I wrote ahead to the Catholic Worker in the Bowery in New York City that I was coming to help, which later they said they thought “cute.” It was mid-December. You could see the next morning the billows of breath of the men huddled with their hands over the heat from an oil drum fire. When the doors opened, they quickly poured in and filled every seat on about five long tables with servings of coffee (and refills), bread and oatmeal. One man who could not be awakened was simply relocated gently to one side in his chair. I washed dishes brought over to the sink. Silverware there, bowls here; leftovers I dumped in a big metal bowl to the left. Suddenly a man’s hand stuck deep into the slop and the man was putting it, one after another in his paper bag.

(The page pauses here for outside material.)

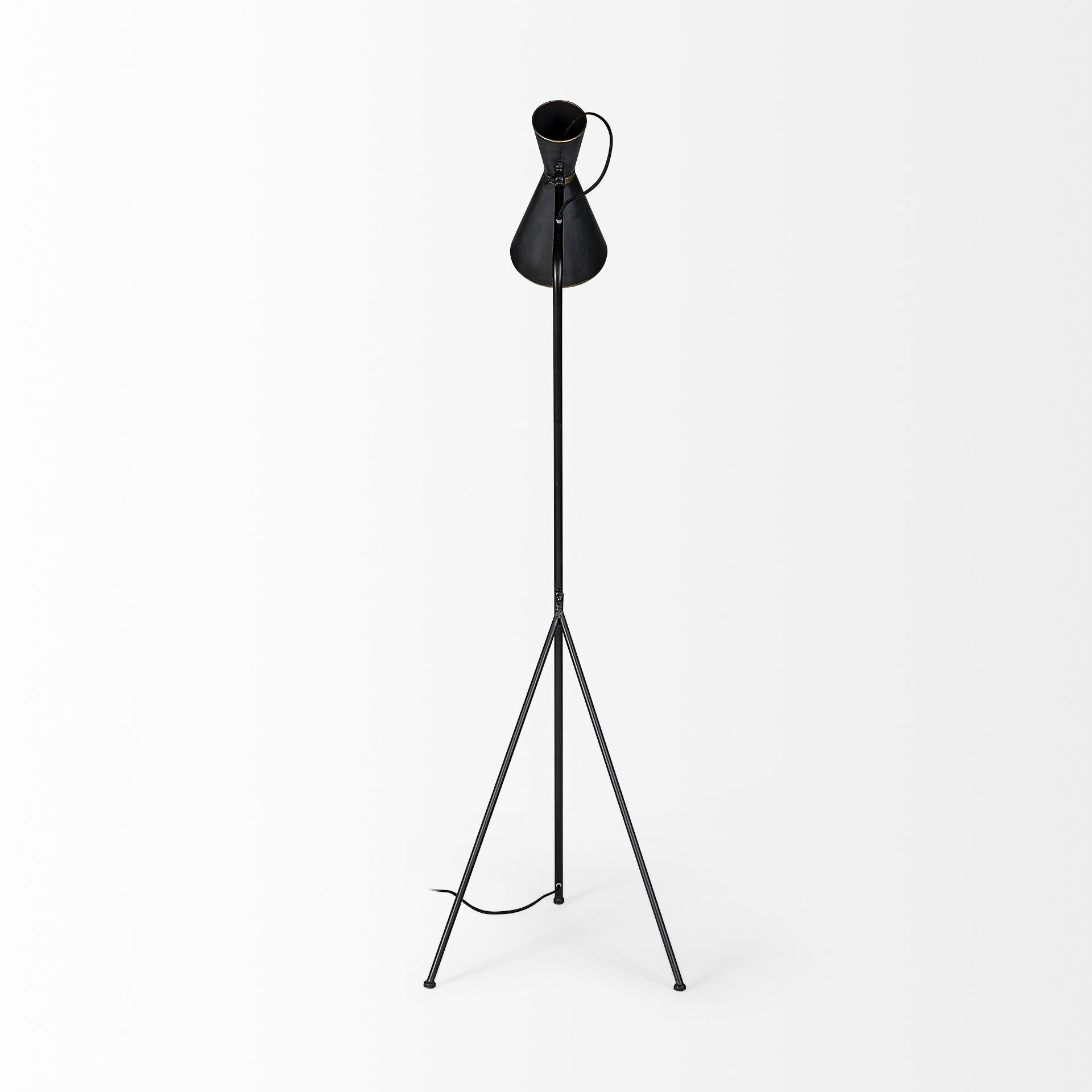 58" Black Metal Tripod Floor Lamp With Black And Gold Metal Cone Shade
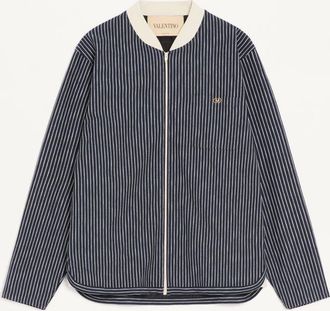 Valentino Valentino Viscose Sweatshirt With Striped VLogo Man NAVY/BUTTER XXL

“Oh no! you don’t have to do that!!” I reached to stop him.

He was nicely dressed and beatifically said:

“Oh yes! It’s for the birds! it is God’s will!”

I headed down the Jersey Turnpike to my mom and dad in The Plains, Virginia.

Standing in front of one of the rest areas with darkness falling and my sign saying “VA.” I saw the back of a man hurrying away to a car carrying by its canvas handles my bag of everything.

HEY!!

He only said later that his name made no difference, that he was driving me as far as he could before he had to be at work as a night watchman, that I need only know that Jesus Christ was my Lord and Savior. I have met many so convicted who had climbed up from very dark places. He was called The Non-Denominational Christian.

Later he left me at the big rest stop on the turnpike in Delaware and I gave him some of my writings. A couple saw me and the sign. I got to McLean, with a fire station and shopping center. I asked the guy at the fire station if I could sleep somewhere. He said at the police station about half a mile away.

I slept on a naugahyde couch in the dim lobby near the dispatcher’s enclosure. A woman and two children were on another couch along another wall with a sweet little, meagerly lit Christmas tree .

The next morning, I went to McDonalds, ate well. Went out to the road my sign with “D.C”

A car pulled over despite the traffic. I climbed in. The driver was cranky because his wife Betty was bringing him to a Sufi meditation gathering with Pir Vilayat Inayat Khan. He was Peter Tompkins whose books I knew of, the most known was called “The Secret Life of Plants.” Betty was the Morning Edition cultural reporter on NPR.

I said something from the backseat about Bruce Cathie, an Australian commercial pilot who wrote a one-of-a-kind book full of latitudes and longitudes suggesting that, periodically, different dimensions would line up, creating electro-magnetic force fields and openings between dimensions through which flying saucers move to and fro.

“Do you know any carpentry?” Peter asked, driving, me sensing an offer coming.

Completely exhausted and needing somewhere, I said “Yes” when I should have said: “No.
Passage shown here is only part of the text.